Anyway, we got to the parking lot for Chatachuk, parked, and hopped out of the car.  But look closely at the photo.  See anything strange?  People park in a line in front of the other cars.  There isn't a valet, so how do people pull out?  Well, if you are in that front line, you leave your car in neutral and the person trying to pull out just pushes your car out of the way.  Very practical.








So we arrived at Chatachuk, which is a pretty wild place.  It truly is huge- around 12, 000 stalls, and absolutely teeming with people.  I tried to get a photo that would capture how packed the market is,  but none of the photos I took do it justice.  There are tourists wandering around, to be sure, but mostly (I think) local Bangkok folks out to get....well, pretty much anything you could possibly ever need.  And I mean anything. 








Art work of one kind






















                                         or another,

















local designer men's wear
clothes- beachwear to formal wear...





















                                          and everything in between,



















to....I have no idea what this stuff is.  

















We wandered around for a couple of hours and then stopped for some lunch in a little food court.  Keeping fed is tricky when we're outside all day. It's so hot and humid,  it's hard to have an appetite.  Which seems fine on its face, but have you come across the term "hangry?"  It means "angry because hungry."  It's pretty easy to get hangry here.  I mean, not that I, with my perfectly even temper, would ever get even the slightest bit irritable.  But it's easy for other people to get hangry.   Luckily, as has always been the case so far, the food here was as good as anything you'd get in a restaurant at home.

Awwww.  Such a cute couple.


We'd stayed on the perimeter of the market so far, but after lunch we dove into the interior.  It's a maze and amazing- Buddhas next to bags next to fake flowers next to pottery next to jewelry next to antique lamps and fans next to silk next to cheap trinkets........You could go every weekend and never see it all. 

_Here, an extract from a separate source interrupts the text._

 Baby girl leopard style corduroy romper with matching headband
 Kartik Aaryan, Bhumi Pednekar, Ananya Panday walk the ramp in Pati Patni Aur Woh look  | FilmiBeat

Finally, hot, sticky, and shopped out, we headed out to get one last treat- coconut ice cream.  It's served in a coconut shell with most of the flesh still in it.  As a topping you can add peanuts, corn, or sticky rice.  it was cool, sweet, and absolutely perfect.  
    I should mention that, while we were eating, the Thai National Anthem came on over the loud speakers in the market. Turns out that in Thailand, the Anthem is played every morning and night.  When it comes on, everyone stands and everything stops. If you are running in the park, you stop running.  Immediately. In the market, everyone stood right where they were, and then, when the song was over, just resumed walking, talking, shopping, as if nothing had happened.  It was almost surreal to these outside eyes, though obviously second nature to everyone who lives there.  
    And that, friends, is Chatachuk market.